Minutes after bringing the funk to several thousand happy, dancing, enraptured fans on Sunday afternoon (Aug. 8) at Lollapalooza, a blonde mohawked Erykah Badu sat down backstage with Billboard.com on camera to talk about her new jewelry line, a career-spanning Badu documentary, serving it up hot at Lolla, the reaction to her controversial "Window Seat" video, the importance of Twitter, and more.
"It was a shocking thing that I did to create a dialogue about something that meant a lot to me - groupthink," Badu says of the world's reaction to the recent clip for "Window Seat" which featured Badu stripping down to nothing before being "assassinated" in Dallas' Dealey Plaza where John F. Kennedy was shot. "Generally, after you shed all the things that you have learned or that people tell you are real or that people tell you you are, you're nude and vulnerable for assassination, and that's what the video was about. You don't have to agree with it... As a performance artist I like to create dialogue about the art... It's very important for me to use the platform to be honest and creative at the same time." To that end, she r eleased a new clip just yesterday (Aug. 9) for "Window Seat (Remix) Turn Me Away (Get MuNNY)," that includes Rick Ross and features her fully clothed.
Long known for her jewelry and fashion choices, Badu says that her huge gold earrings (which she wore for her Lollapalooza performance as well) are not just something she bought: the styles are called Baduwings and Earwings -- and they're the centerpiece of Funktional Art, her first-ever line of jewelry. Fans at her most recent shows may have noticed the earrings onsale at the merch booth, but anyone will be able to pick up a pair plus other items in her Funktional Art line on erykahbadu.com beginning in late-August or September. Badu says that she has already made arrangements to sell them in boutiques in Chicago, Dallas, New York, London and Paris.
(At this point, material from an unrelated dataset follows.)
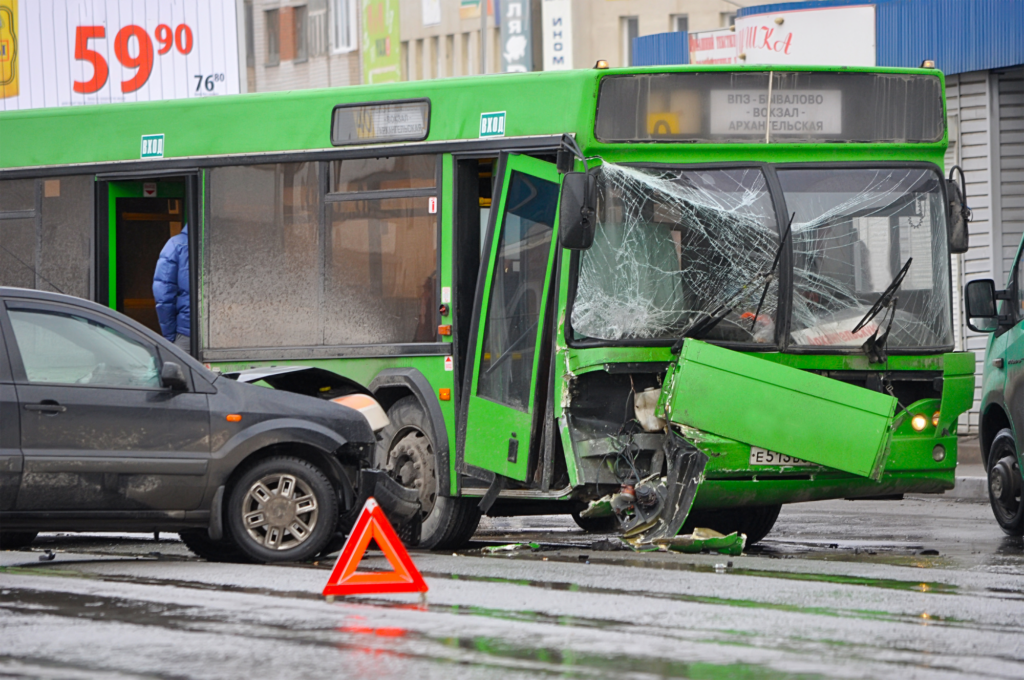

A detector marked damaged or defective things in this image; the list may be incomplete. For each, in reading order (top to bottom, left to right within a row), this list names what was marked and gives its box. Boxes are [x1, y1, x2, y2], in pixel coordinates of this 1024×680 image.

shattered windshield [573, 164, 778, 346]
damaged bus front [509, 70, 974, 548]
shattered windshield [782, 168, 950, 350]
"It's the beginning of a new thing for me," she says of the jewelry line. "I'm working with different designers to come up with things that fit me and fit the fans who support me and fit the women who feel free and can fly."
Another huge project that Badu says will soon come to fruition is a documentary about her whole career that she has been filming footage for for the past 13 years. Clips of the still untitled film, which is directed by Badu herself, will first be posted on Erykahbadu.com in the next few months. Snippets from her recent, drama-filled tour with Jill Scott and Maxwell will be coming to Badu's new blog, Baduworld.com/thefreaq. While the film as a whole doesn't have a release date yet, a DVD release is being discussed.
"I'm definitely an analog girl, I'm made of two-inch tape, but I have learned to maneuver through the digital world very well," says Badu, who has 186,000 followers via her @fatbellybella handle on Twitter. "It gives the artist a chance to express themselves. You can hear from me without filters, without a bunch of bulls#it."
"I'm Erykah Badu... and I am here to stay, a staple, a midwife. I feel like this is the beginning for me, so I don't know what's next."